今なんて言った?2人・・?俺以外にも巻き込まれた奴がいるってことだよな?

でもおかしいぞ、俺とあの3人組以外他に人はいなかったはず。

あの状況からするとあの3人も一緒に召喚されたであろうから他に人がいるとは考えられないが…。


「なぁ、女神様ひとつ聞きたいんです、俺が記憶している限りではあの場には俺とあの3人組以外人はいなかったはずなんです…どういうことなんですか?」

「光が出た瞬間に丁度近くに隠れてた奴が居たらしくてな、そいつが巻き込まれたもう1人だ」


隠れてたって…んなアホな…


「本当だぞ、あと付け加えていうならお前のことを知ってるようだったぞ?あの様子だと」

「マジ?…俺にそこまで知り合いはいないし、誰なんだろう。」

「まぁ、そこんところは向こうへ行った後に確認するといい」

「じゃあそうします。で?その勇者召喚とやらをやったのはどこの人なんです?」

「それは向こうへ行ったらわかることだから心配するな、それにもう時間が無い、そろそろ本題に入るぞ」


本題か、一体何が飛び出してくるやら。


「今からお前に向こうで死なないための力を与える、どういう力が欲しいかはだいたい指定してくれればある程度は融通してやるぞ、ほら言ってみろ」

「そんないきなり聞かれてもパパッと思いつくわけ……」

「どうした?急に黙り込んで」

「こういうのって駄目ですか?」

「何だ?言ってみろ」


俺は女神様に近づいて思いついたある提案を伝えた。

このアイデアにエディスは苦笑いを浮かべていたが「なるべく希望に添えるようにはする」と約束してくれた。
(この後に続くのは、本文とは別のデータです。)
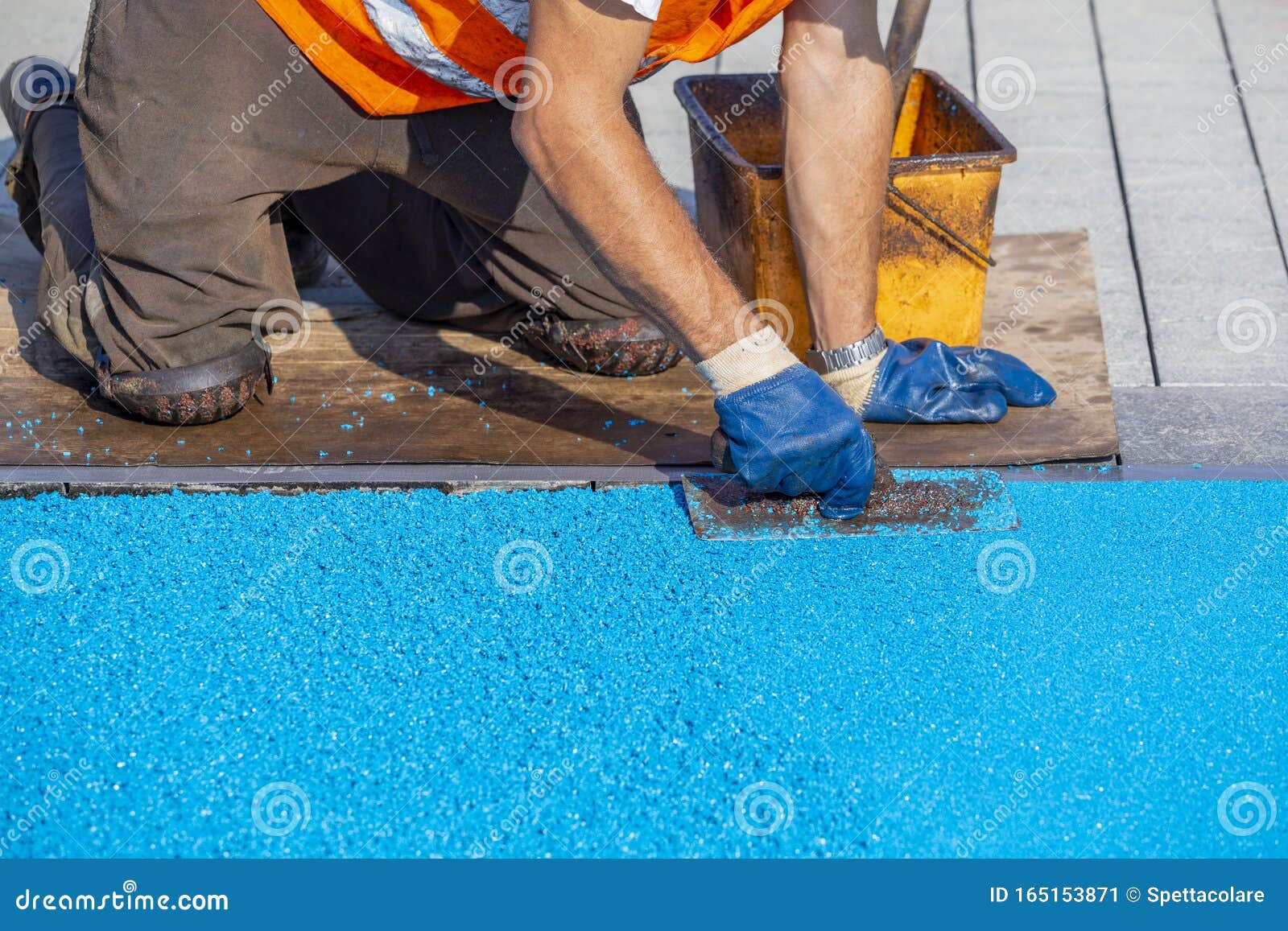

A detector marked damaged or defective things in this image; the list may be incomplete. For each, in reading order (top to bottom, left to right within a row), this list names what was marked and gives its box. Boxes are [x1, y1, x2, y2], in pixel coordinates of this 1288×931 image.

rusty yellow bucket [675, 69, 1014, 357]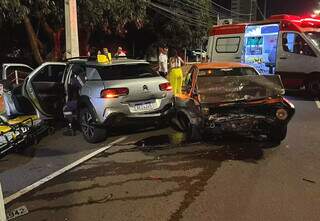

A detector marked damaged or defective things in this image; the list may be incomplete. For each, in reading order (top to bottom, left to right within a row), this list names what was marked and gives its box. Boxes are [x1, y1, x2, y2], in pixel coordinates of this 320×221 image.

burnt car body [175, 61, 296, 143]
crumpled hood [198, 75, 284, 104]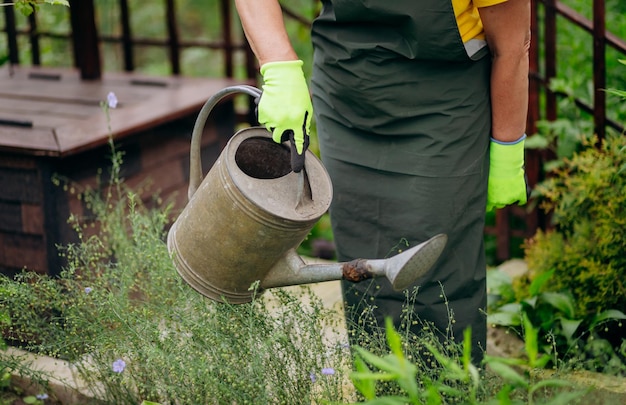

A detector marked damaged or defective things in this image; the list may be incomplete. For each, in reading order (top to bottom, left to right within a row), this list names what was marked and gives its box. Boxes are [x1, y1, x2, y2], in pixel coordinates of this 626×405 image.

rusty watering can body [168, 85, 446, 302]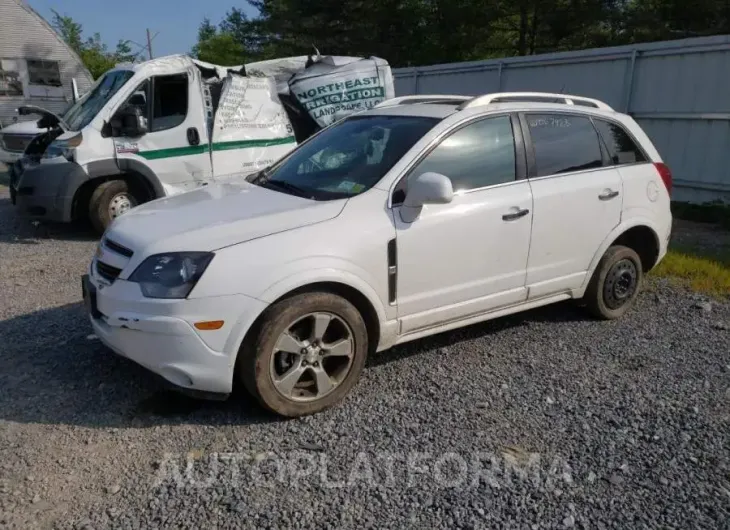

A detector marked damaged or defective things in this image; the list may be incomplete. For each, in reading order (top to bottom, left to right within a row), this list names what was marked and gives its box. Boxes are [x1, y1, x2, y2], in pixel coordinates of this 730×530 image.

damaged white van [7, 52, 392, 232]
damaged vehicle [8, 52, 392, 232]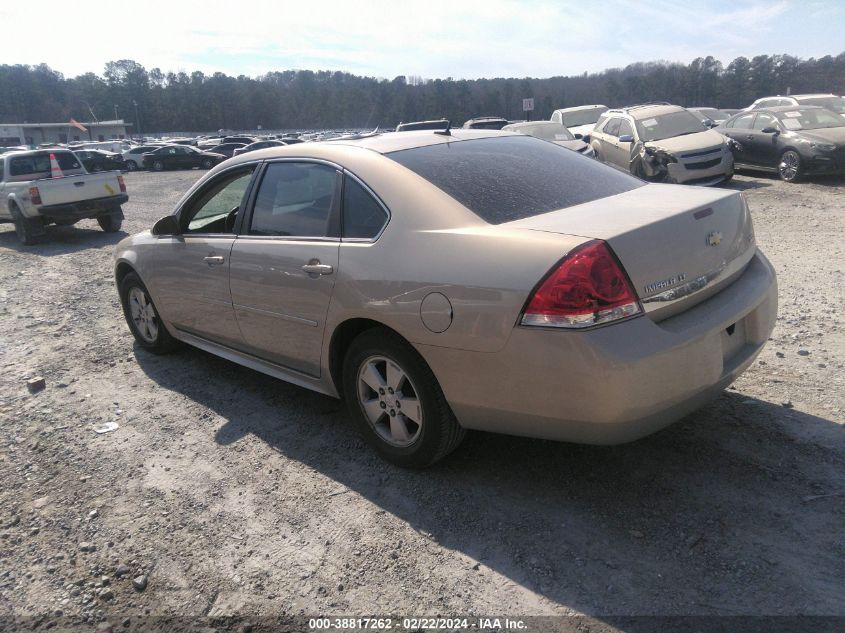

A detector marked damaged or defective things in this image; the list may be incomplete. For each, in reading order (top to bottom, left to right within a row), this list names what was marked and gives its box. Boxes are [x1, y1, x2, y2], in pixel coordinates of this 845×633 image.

damaged white truck [0, 149, 129, 244]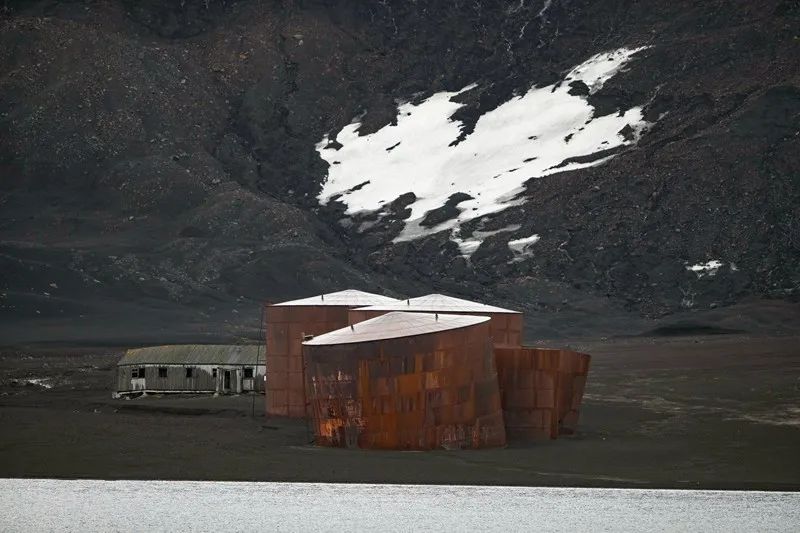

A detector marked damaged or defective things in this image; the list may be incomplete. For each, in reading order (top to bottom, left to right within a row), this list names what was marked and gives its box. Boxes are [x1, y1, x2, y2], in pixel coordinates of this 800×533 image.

corroded metal wall [266, 306, 350, 418]
large rusted oil tank [264, 288, 398, 418]
rusty metal tank [264, 288, 398, 418]
large rusted oil tank [304, 312, 504, 448]
rusty metal tank [304, 312, 504, 448]
corroded metal wall [304, 320, 504, 448]
large rusted oil tank [346, 294, 520, 348]
rusty metal tank [346, 294, 520, 348]
corroded metal wall [346, 308, 520, 350]
large rusted oil tank [494, 344, 588, 440]
rusty metal tank [494, 348, 588, 438]
corroded metal wall [496, 348, 592, 438]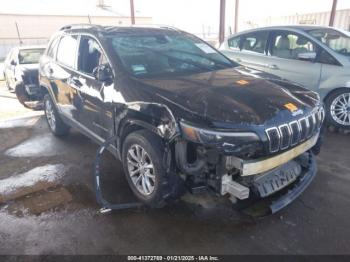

「料理スキルと調理器具とは、つくづくお前は料理人らしいな」

「俺は、どこまで行っても結局は料理人ですから。」


俺は苦笑しながら答えた。

俺にとって料理は生来の物、異世界に行ったってそれは変わらない。

異世界に行っても料理が出来るならそれに越したことは無い。


「時間切れみたいだな、よし!!これからお前は異世界に行くわけだが、覚悟はいいな?お前は今からいつ死んでもおかしくない世界に行くわけだからな死なないように気をつけろよ?」

「料理人ですから、そんなに簡単には死なないですよ」

「お前のその自身はどこから来るんだ…。まぁいい最上 颯汰、頑張れ」


その声を最後に俺の意識は霞がかかったように消えていき暫らくすると完全に意識はなくなった。

向こうでは何が起こっているのか、何がこれから起こるのか、分からないが頑張るしかないだろう、後戻りは出来ないらしいから。